Quem nunca teve de aturar um beto de esquerda, um ortoréxico, um terraplanista, um teorizador de conspiração, um cidadão, um saudosista do Estado Novo, um influencer, um fumador, um ex-fumador, um defensor do politicamente correcto, um detractor do políticamente correcto, uma recém-mamã com um blogue, um ecologista, um velho do restelo, as crianças dos outros
É irritante, não é?
Pedro Vieira, vencedor do PEN para primeira obra de ficção em 2012, utente crítico (em todos os sentidos) de transportes públicos, humorista de fino recorte e senhor de uma subtil (chamemos-lhe assim) capacidade de observação do plano socio-politico-antropológico dos indivíduos com quem partilha o espaço social, decidiu levar ao prelo esta breve antologia de tipos de portugueses que nos tiram do sério, que nos fazem questionar as leis básicas do convívio entre indivíduos da mesma espécie, que desafiam as teorias mais progressistas sobre o ser humano, que, em suma, nos dão instintos assassinos.
Um compêndio inestimável para consulta rápida ou leitura demorada, ideal para longas esperas por algumas carreiras de autocarros, com belíssimas ilustrações de todas as subespécies e respectiva catalogação.
Pedro Vieira nasceu em Lisboa em 1975, mas não se nota. Tenta passar por homem do Renascimento, embora as múltiplas actividades em que investe se devam mais à falta de um talento inequívoco. Digamos que está mais perto dos Da Vinci de Já fui ao Brasil do que do génio italiano. É social media manager, porque estas bios não passam sem palavras estrangeiras, e escritor. E faz desenhos e programas na televisão. Mas é sobretudo um vampiro de terceiros, usando transeuntes inocentes para as suas diatribes mais ou menos ficcionadas. É igualmente um frequentador de ruas, vielas e autocarros, o que lhe oferece muita matéria-prima. Casado, com um filho, sofre por vezes dos nervos.

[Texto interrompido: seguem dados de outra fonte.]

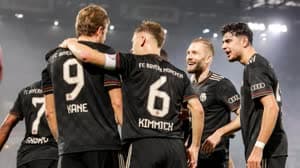 بايرن كولونيا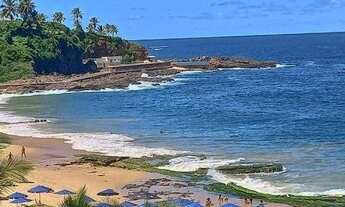 Imagem 3: Apartamento com 4 dormitórios à venda, 288 m² por R$ 3.200.000,00 - Rio Vermelho - Salvado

De entre os vários grupos de pessoas em que tenho pensado, aqueles que mais me preocupam são os que se encontram à beira da extinção, seja por compaixão, por exercício de empatia ou por necessidade de ganha-pão. ( ) Muito bem, desses que vamos encontrando com maior dificuldade, tenho um carinho especial pelas pessoas que pedem/dizem/ordenam/intimam «Ó chefe, abra atrás (OCAA)», até pelo humanismo que transbordam de viva voz. Se repararmos com atenção, na esmagadora maioria dos casos, a OCAA faz-se em defesa de terceiros: uma velhinha que demora demasiado tempo na deslocação entre o lugar reservado a gente com mobilidade reduzida e a saída do autocarro, até porque só se levanta no último segundo; o senhor anafado que tem dificuldade em furar por entre a mole humana que enche o veículo; o turista menos tarimbado que desconhece os códigos de entrada e saída nos transportes públicos portugueses. Só muito raramente deparamos com um praticante da OCAA em causa própria. O exercício é sobretudo de alteridade, numa sociedade de indivíduos cada vez mais virados para si mesmos.